They missed an important point.
Who Will Be Impacted: For more consumers, there will be negligible impact. "The ISPs will be handling much of this,” said Leo Vegoda, a researcher with ICANN. (via TechNewsWorld). Some technology users may experience some glitches, such as people using VPN software to connect with their offices or users of point-to-point software such as Skype, he adds.
Anyone that uses a residential router (Linksys, D-Link, Netgear, etc) is likely to need to upgrade that, most likely by buying a new one.
Speaking of which: http://www.networkworld.com/news/2011/020811-cisco- linksys-ipv6.html
;)
Key quote in that article from Cisco explains why they are still behind. "IPv6 is foundational to the next-generation Internet, enabling a range of new services and improved user experiences." Apparently they see IPv6 as some "next-generation Internet" thing.
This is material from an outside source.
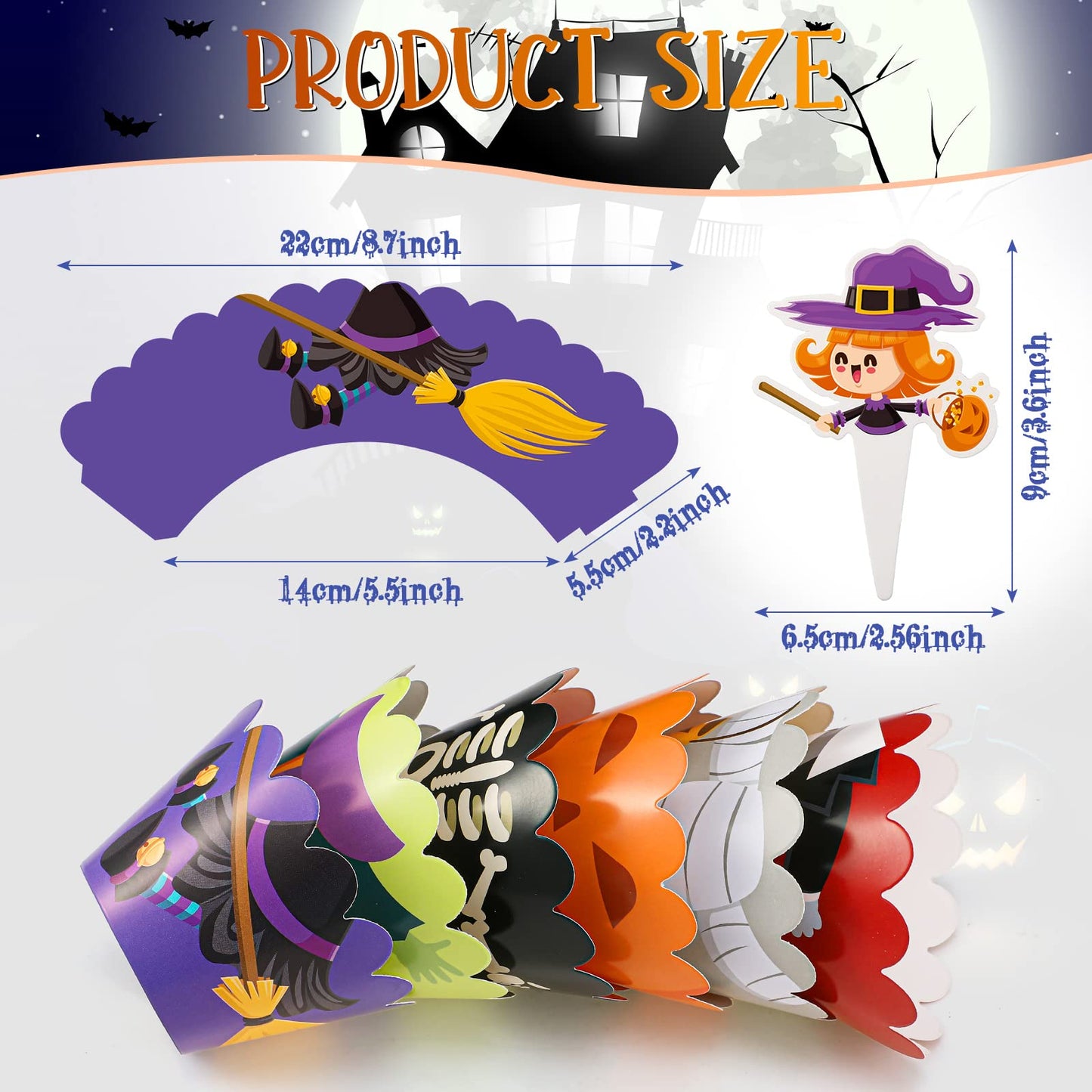 Fumete 72 Pcs Halloween Cupcake Toppers Party Cake Toppers Wrappers Pumpkin Vampire Witch Cupcake Toppers Halloween Cupcake Line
It isn't. It is imperative in keeping THIS generation of internet running. This has nothing to do with any new services or improving anyone's experience. This is about maintaining existing services and even being able to have an experience at all. It is going to become increasingly difficult to maintain ubiquitous v4 service. In fact, v6 is going to degrade some people's experience slightly because the larger protocol overhead means less payload for a given size packet meaning it will take more packets to transfer a given amount of data. Apparently some people in this world believe that IPv6 somehow creates a "different" internet. It doesn't. It simply adds more house numbers to the existing streets.